Witness it over the subsequent decade: Ashley squeals and calls Leon a pervert in Resident Evil 4’s initial release, in 2005, when angling him correctly granted the player a quick glimpse of her white underwear. In 2008, GamesRadar compiled underwear shots from a few games, including Tekken 6, Devil May Cry 4, and No More Heroes. It told readers to “prepare the same ‘But it’s satire’ excuse that we’ve been using throughout the compilation of this feature” if they were spotted reading it, but also congratulated the horror game Obscure for “swiftly serving up a full platter of the finest free range upskirt.”
In 2009, Brian Ashcraft alerted Kotaku readers to an article in the official Monster Hunter Frontier magazine that taught players how to take screenshots of other players’ underwear. A few days later, Ashcraft pointed them to another upskirting opportunity—an erotic game that used webcam-tracking to let players kneel and stare up its characters’ plaid mini-skirts.
In 2011, a mobile game called Upskirt! was rejected from the App Store. In 2012, Lollipop Chainsaw handed out upskirt achievements. In the past ten years, players have figured out ways to upskirt Story of Seasons characters, Smash characters, Overwatch characters. And, in an act of misogynist innovation, they’ve learned how to sexually harass schoolgirls in virtual reality, too.
The future is (slightly) less perverted
You may be wondering, at this point, how I could be hopeful about video game skirts. Capcom’s decision to change Ashley’s outfit and let her wear something just as cute without the sexualized baggage is, I think, the correct choice, but it’s a small one to consider after we’ve trudged through decades of alienating women and girl characters, taking their skirts, and making them more contentious than they have been since the 19th century.

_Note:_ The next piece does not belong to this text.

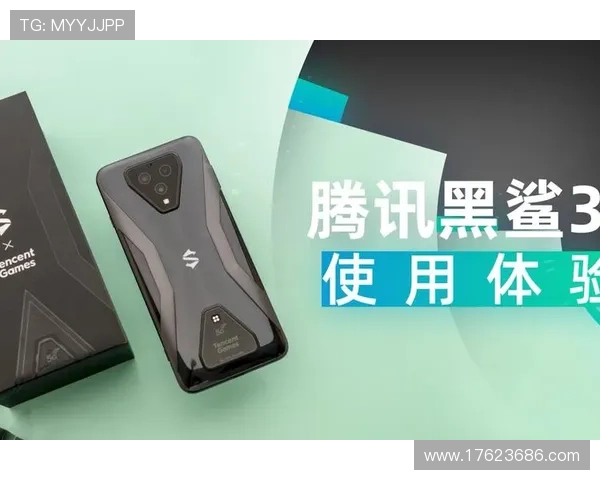 凯发手机官方客户端下载安装步骤详解，确保安全稳定游戏体验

But fashion, like all art, erodes and reestablishes itself like sand dunes. The FIDM Museum in Los Angeles has a “skirt lifter”—a prong embellished with an unfurled metal butterfly—from 1876 in its collection, not used to titillate, but so that women could walk more easily with their heavy skirts.

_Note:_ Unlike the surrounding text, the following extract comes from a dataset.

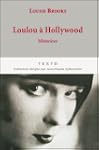 Loulou � Hollywood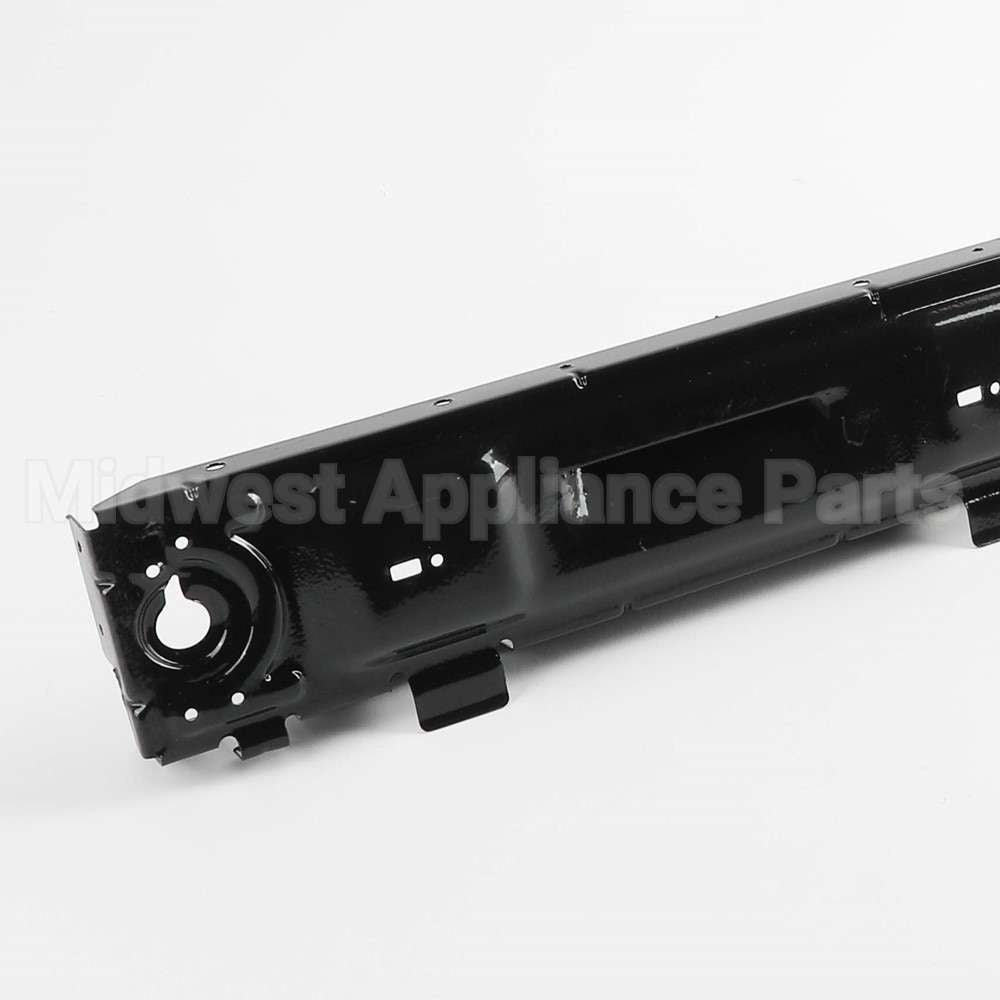 WB63X20216 GE Support Base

Fashion can be defined and redefined again. Outside of video games, in 2023, skirts are again becoming appropriate for non-female identifying people to wear. Stylish women themselves are considering what it means to dress for the “female gaze,” or in stereotypically feminine clothing—like colorful glitter eyeliner, laced corsets, pink skirts—prioritizing art and romance over sexuality.

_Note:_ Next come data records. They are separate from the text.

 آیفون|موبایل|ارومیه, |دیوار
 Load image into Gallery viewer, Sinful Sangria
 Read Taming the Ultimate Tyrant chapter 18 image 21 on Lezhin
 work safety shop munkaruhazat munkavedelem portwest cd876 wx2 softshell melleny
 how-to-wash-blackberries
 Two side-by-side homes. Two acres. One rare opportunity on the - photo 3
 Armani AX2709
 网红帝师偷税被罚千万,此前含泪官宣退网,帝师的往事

Though the Resident Evil 4 remake’s outfit change bows out of the discussion rather than embraces the skirt as a more fluid, expressive device than the past 20 years of games have allowed for, I can empathize that elbowing out of the boy’s club is difficult.
But I do think that video game fashion will change as long as the real world does, too. It’s been a long time since video games were marketed just to men. Now, we’re all looking. Respectfully.